When I was a kid, I used to love playing grocery store. My siblings and I would tape up old cereal boxes, wash out Tide bottles and anxiously wait until an egg carton was empty so we could collect it. Now, as a 20-year-old intern and a big sister of three little girls under the age of 10, I get to see a whole new generation of children get hooked on playing grocery store. Only this time, instead of a life-size grocery store filled with personally selected inventory, children are shopping small, with products that are a surprise even to the grocer.
According to an article by the Washington Post, Zuru’s 5 Surprise Mini Brands are some of the most sought-after toys on the market right now. (They’re sold out online at Walmart.) But, what exactly is a 5 Surprise Mini Brand and why do kids want one so badly? Mini brand toys are miniature versions of name-brand household and food products, all wrapped up in a plastic sphere. The children who purchase these toys remove the packaging, open the sphere and then unwrap five separate wedges – containing four mini brand toys and a mini shopping cart, store shelf or grocery basket. What toys are found inside? Kids have to unwrap to find out.
The mini brand items might be anything from an itty-bitty Breyers ice cream tub, to a teeny-tiny Lipton green tea box. There might be a Skippy peanut butter or a Pure Silk shaving cream, but whatever is inside, the toy is always miniature and always branded. Each surprise ball also comes with a collector’s guide featuring regular, rare and super-rare mini products. The toys are produced by Zuru, a toy company that advertises as “reimagining play, every day.” Mini brands cost about $5 in-store, however since they are sold-out in most locations, many are reselling them online for as much as $20.
While these toys may seem a little odd, there is nothing incredibly complex about them – in fact, many of the toys are simply miniature cardboard boxes with a picture glued on top. The extraordinary thing about Zuru’s mini brands is the advertising niche they have discovered. Zuru intentionally tries to inspire brand loyalty from a young age and, as an older sister and a long-time babysitter, I have to say I think this strategy is probably quite successful. Every kid is going to want some Skippy peanut butter to match the mini jar that they’re feeding their Barbies or stuffed animals.
While marketing directly to a parent’s most influential decision makers – their children – is smart, Mini Brands have done something that is even sharper: they allow brands to have free advertising and Zuru to have more products. According to the same article by Washington Post, brands do not pay to be featured toys, but they do earn royalties. Partnering with Zuru is a mutually beneficial relationship – a true match made in heaven. And, thanks to another bizarre trend, Zuru and their partners get even more free advertising.
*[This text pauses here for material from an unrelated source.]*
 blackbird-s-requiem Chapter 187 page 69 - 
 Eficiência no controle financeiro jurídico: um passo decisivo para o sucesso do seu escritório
Kids are into some weird things these days – one of them being “unwrapping” videos on YouTube, one of the latest influencer trends geared toward a young, Gen Z demographic. In an unwrapping video, YouTubers buy surprise toys, (or sponsored YouTubers receive the toys for free). They then record themselves opening the toys, such as 5 Surprise Mini Brands, and reveal what toys are inside. The end result: free advertising for Zuru and partners! Children watch these videos for hours sometimes and then beg their parents for the toys so they can unwrap their own surprise. (And keep unwrapping until they collect all the minis from the collector’s guide.)
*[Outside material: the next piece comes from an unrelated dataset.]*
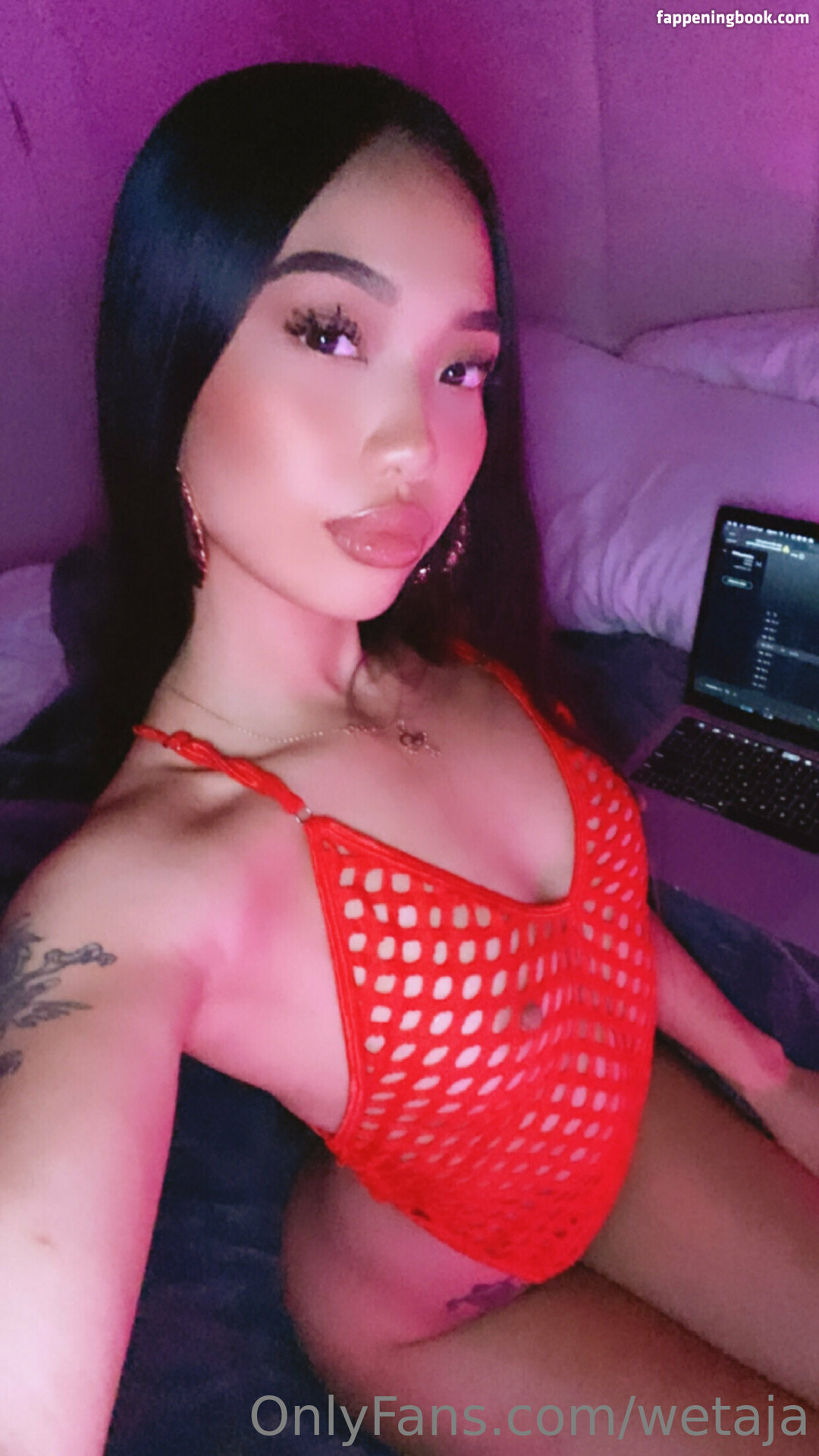 Romanlettuce Foreignlotus Nude OnlyFans Leaks The Fappening Photo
So, what can we learn? Zuru demonstrates that partnerships – even ones that don’t seem to make sense – can sometimes create incredible products together. Businesses, take note. Don’t be scared to experiment with unique partnerships. Marketers, Zuru teaches us that no idea is too big, too small or even too odd. Zuru shows us that a small risk, may lead to a huge reward – but only if you take the risk.